# Give me your best tofu stir fry recipe



## GB (Apr 12, 2010)

Tonight I would like to make a tofu stir fry for dinner. Every recipe I have seen online is basically the same, with minor variations. I am hoping the members here can post their favorite way to prepare this and maybe we will find some variations that we would not have thought of otherwise. So what do you do to make yours great?


----------



## Andy M. (Apr 12, 2010)

I don't cook with tofu much but couldn't you substitute tofu for any other meat in a recipe?  e.g. Chinese pepper steak made with tofu instead.


----------



## GB (Apr 12, 2010)

Yes you could Andy. That is exactly what I am looking for. Your favorite recipe and what makes it different from the thousands of other similar recipes out there for the same thing. 

For instance, when doing a search for tofu stir fry recipes most will start with garlic and ginger, soy sauce, broccoli, onion, carrot, mushrooms, sherry, etc. There are thousands of recipes like this, but I am sure some people here have little things they like to add that may not be among the usual items. Maybe someone uses sunflower seeds or something like that. maybe someone adds dried cranberries. I am just looking for variations on the standard that might make it a little more exciting and unique.


----------



## Andy M. (Apr 12, 2010)

Have you looked at other than Asian recipes?


----------



## GB (Apr 12, 2010)

No. I still want it to be Asian. I am looking for a normal stir fry. Just looking to see how people make it their own instead of one of the same.


----------



## Andy M. (Apr 12, 2010)

Lots of Asian recipes include garlic, ginger, soy, sherry, mushrooms and onions.  They provide a basic flavor of Asian dishes.

That said, here's a pepper steak recipe we use.  It's great 'as is' and might work with a tofu substitute.

CHINESE PEPPER STEAK

8 Oz  	Flank Steak
2 tsp	        Dark Soy Sauce
1½ tsp 	Cornstarch
1½ tsp	Chinese Rice Wine 
1 tsp 	        Garlic (use a rasp grater)
1 tsp 	        Ginger (use a rasp grater)
¼ tsp 	Salt
¼ tsp 	Sugar
1 tsp 	        Peanut Oil
1 Tb 	        Ketchup
1 Tb 	        Hoi sin sauce
1 Tb 	        Chile Garlic Sauce
4 tsp	        Peanut Oil, divided
1 Ea		Bell Pepper, ¼” strips
½ C	        Scallions, halved lengthwise cut into 1-inch pieces
¼ tsp 	Salt
1 tsp		Sesame Oil 


Cut the steak with grain into 1½ - 2-inch-wide strips. Cut each strip across grain into ¼ inch-thick slices. 
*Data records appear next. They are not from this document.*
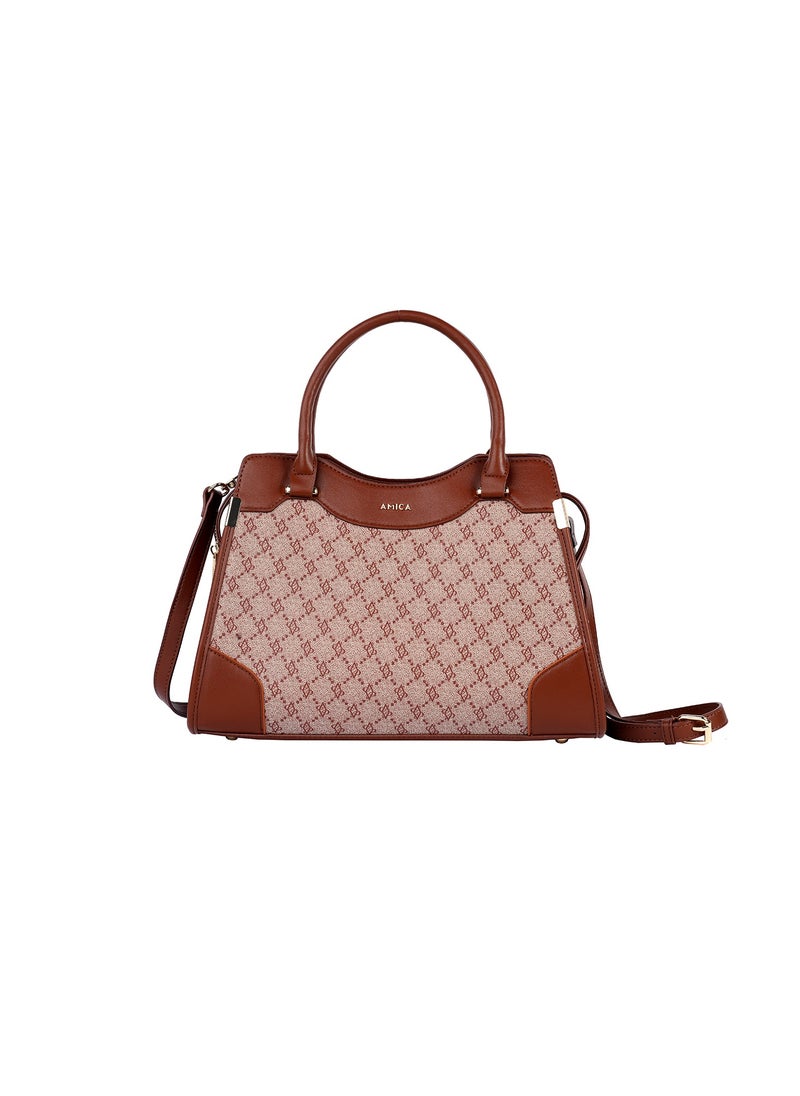 AMICA - Fallon Signature Monogramed Women’s Satchel Handbag - Image 1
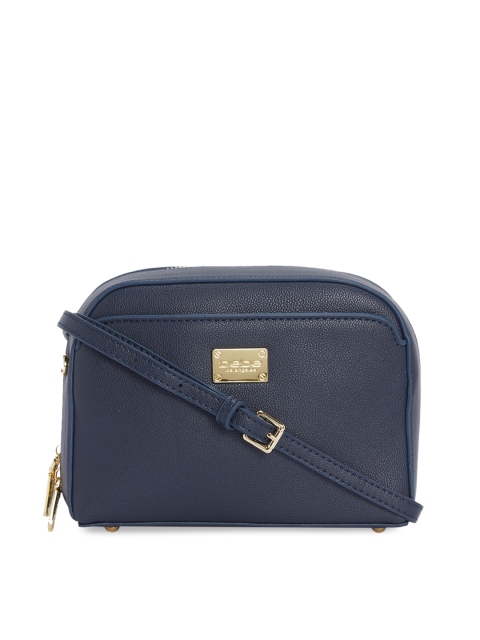 

bebe Navy Blue Solid Sling Bag With Detachable Sling Strap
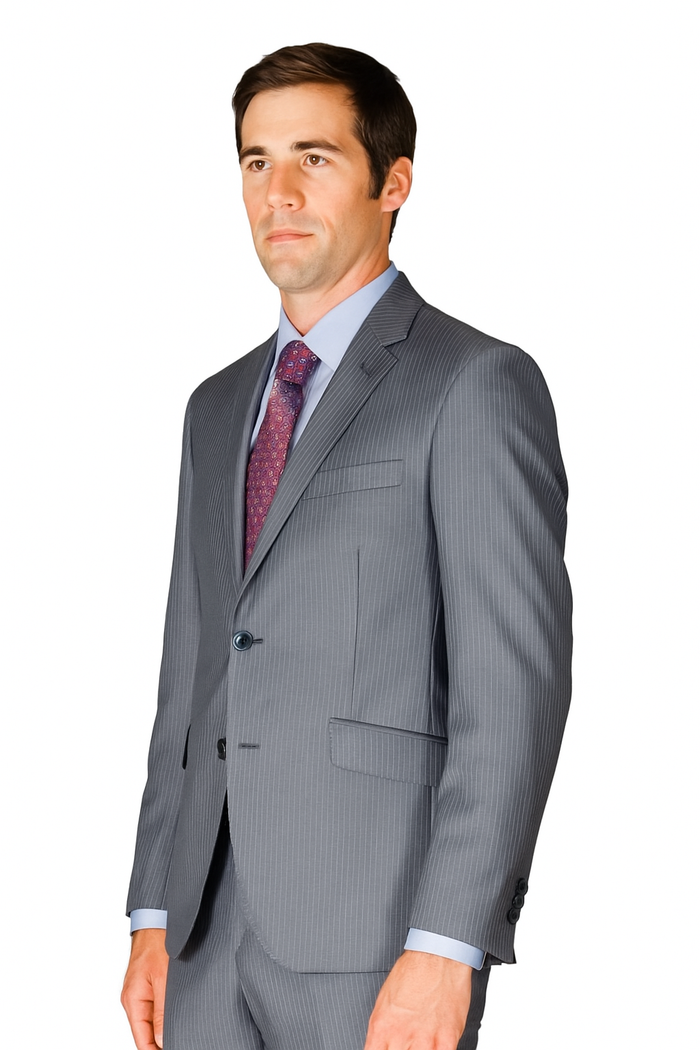 Men's Slim Fit Grey Stripe ~ Pinstripe Wool and Silk Blend Suit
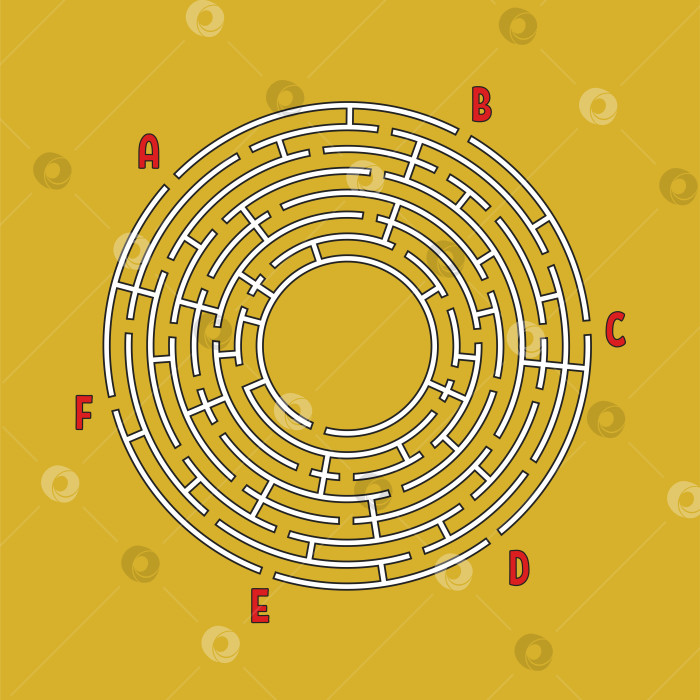 Скачать Абстрактный круглый лабиринт. Игра для детей. Детская головоломка. Много входов, один выход. Головоломка-лабиринт. Простая плоская векторная иллюстрация, выделенная на цветном фоне. С местом для вашего изображения. фотосток Ozero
Put the slices into a medium bowl with the soy sauce, cornstarch, rice wine, garlic, ginger, ¼ teaspoon salt, sugar, and the oil and stir with a fork.   Marinate, refrigerated, for at least 30 minutes and up to four hours.

Stir together ketchup, hoi sin, and chile garlic sauce in a small bowl and set it aside.

Heat the wok over high heat.

Pour 2 teaspoons oil down the side of the wok, then swirl the oil, tilting the wok to coat the sides.  Add the beef, spreading pieces in one layer on the bottom and sides as quickly as possible. 

Cook undisturbed, letting beef begin to brown, for 1 minute, then stir-fry until meat is just browned on all sides but still pink in center, about 1 minute. Transfer the meat and any juices to a plate.

Pour the remaining 2 teaspoons of the oil down the side of the unwashed wok over high heat, then swirl the oil, tilting wok to coat sides. 

Add the bell pepper and the salt.  Stir-fry to cook the pepper, 

Add the scallions, the beef with any juices and the ketchup mixture. 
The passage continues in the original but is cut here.